Don’t get me wrong; I love to read. But when it’s sunny and warm outside I have a difficult time focusing on a block of text. Sadly summer weather doesn’t stop me from spending too much time looking at images on the internet, the result being tired eyes. The solution? Books with few words and mostly images! It’s not an excuse to be lazy or less intellectual because the books included in this selection are ingenious; few words are necessary because the images speak for themselves. So hopefully reading about these books right now on your computer screen will motivate you to seek out the printed version and give your eyes a break.
The book Sad, Depressed, People (2012) by David Horvitz is a compilation of the search results provided by the keywords “sad, depressed, people” into a database of stock photographs. Stock photos provide a blank slate for the user’s content, and this assemblage of these similar images of generic photogenic sadness creates a parody of real emotional despair. Also included is a glossary of relevant terms (such as “Commodity Reform,” “Copyright Infringement,” and “Depression”) and an index of additional tags that accompany the images (“Forehead” and “Horizon over Water” for example). This basic contextualization transforms the images form a display of sadness to a politicized comment about commodity culture and its affects.
My mom only recently learned how to buy things on the internet, meaning that when I was growing up there were always a bunch of mail-order catalogues lying around the house. I used to play a game with my cousins where we would go through them and choose our favorite or least favorite things on each page, a great way to pass time... Also, the only thing I ever read on airplanes is Sky Mall. So I have seen a lot of catalogues, and I never imagined that re-photographing them could ever look as magical as they do in Sara MacKillop’s book Catalogue (2012).
Everyone Likes Colorful Starbursts
While the premise of Ryan Park’s It Wanted To Teach The World To Sing (In Perfect Harmony) (2008) comes off as a bit cheesy, it is still a delightful book nonetheless. The artist has collected magazine images (probably from National Geographic) depicting different times and places. What links these images are the artist’s drawings of colored lines radiating from a central point that have been integrated into the original photographs. The similar drawings have been inserted into a variety of circumstances, alluding to the distribution and ubiquity of images and the influence of context on how an image or idea is used. It’s a good counterpart to Sad, Depressed, People.
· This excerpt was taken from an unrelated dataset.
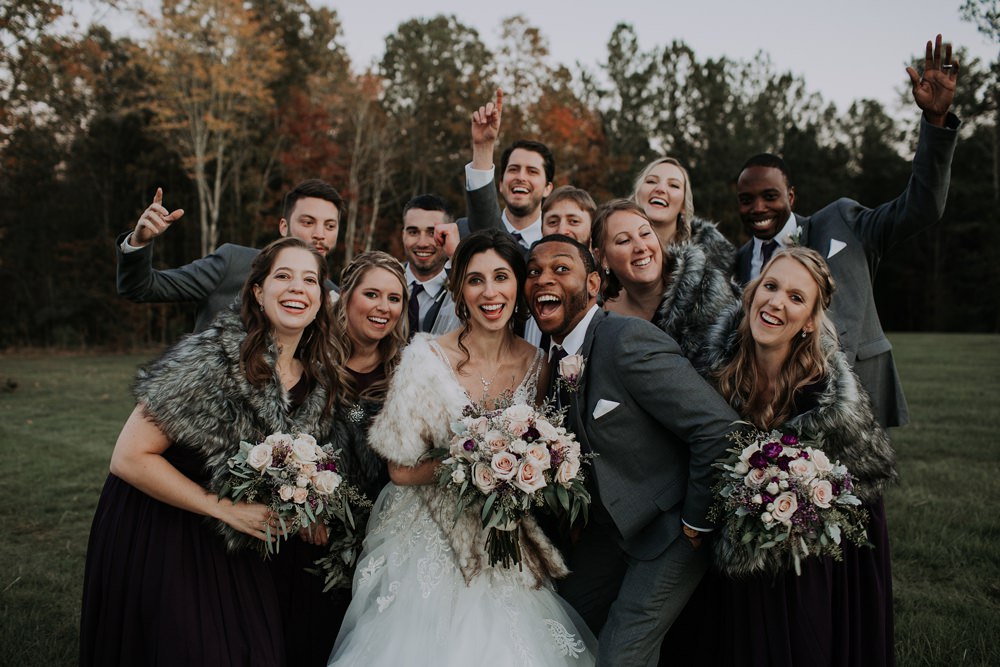Cedar Creek Ranch Wedding Dani Nicole Photography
I will admit that I saw the car commercial that copied Peter Fischli and David Weiss’s chain-reaction film The Way Things Go before I saw the actual film (it was 2003 ok?). The images included in the book Equilibres (2007) are photographs by the artists, precursors to the celebrated film. These constructions of delicately balanced household objects are captivating to look at, as the artists say, “Balance is most beautiful just shortly before it collapses.” Each photograph is accompanied by an associative title, adding a mysterious narrative quality to the works.
Oranges and Electrical Chords
Maybe you recognize photographer Lucas Blalock’s work from the cover of Mousse magazine a few months ago (I’ve been seeing his work everywhere lately). The captivating and mysterious images in the book Towards a Warm Math (2011) are photographs that have been manipulated in Photoshop. These complicated pictorial spaces make you do a double take.